Task directions:
Print all of the data below exactly as it appears, leaving out every image.

Supplied material:
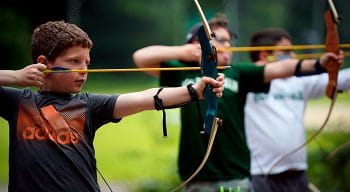 three youngs boys shooting a bow and arrow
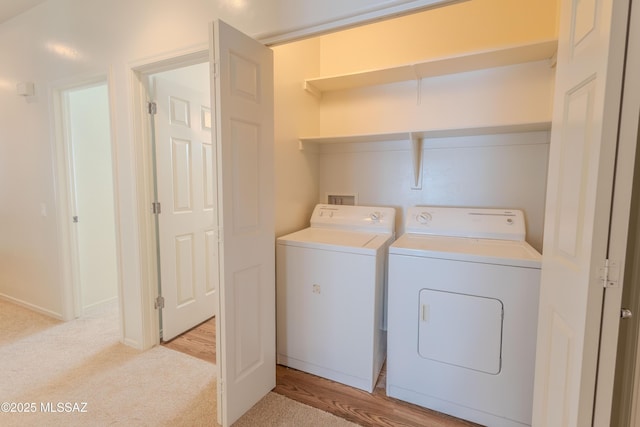 clothes washing area featuring washing machine and dryer, light colored carpet, and laundry area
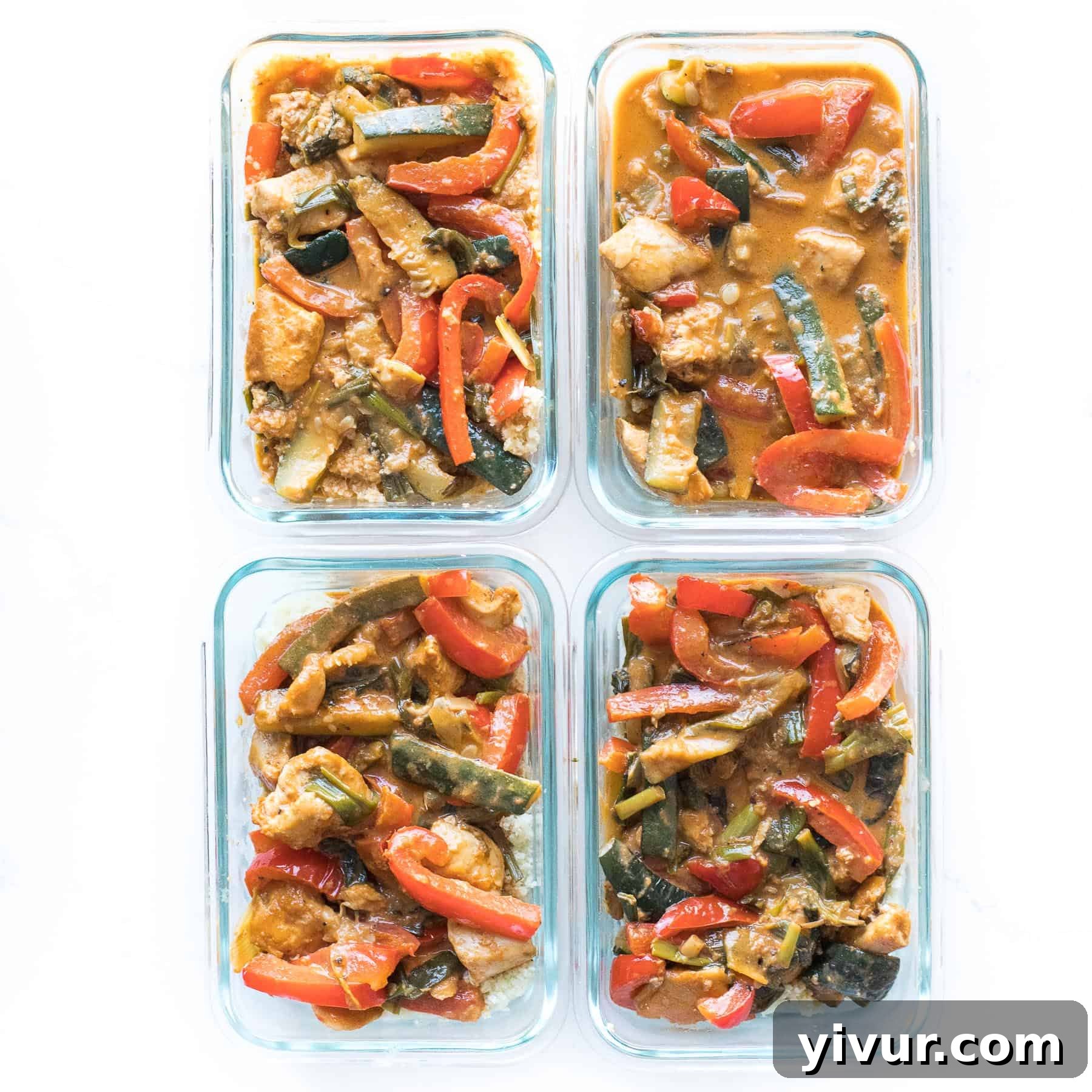30-Minute Keto Thai Coconut Chicken Curry 6 Chicken curry in glass meal prep containers with cauliflower rice, ready for storage.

Finished task:
 three youngs boys shooting a bow and arrow
 clothes washing area featuring washing machine and dryer, light colored carpet, and laundry area
30-Minute Keto Thai Coconut Chicken Curry 6 Chicken curry in glass meal prep containers with cauliflower rice, ready for storage.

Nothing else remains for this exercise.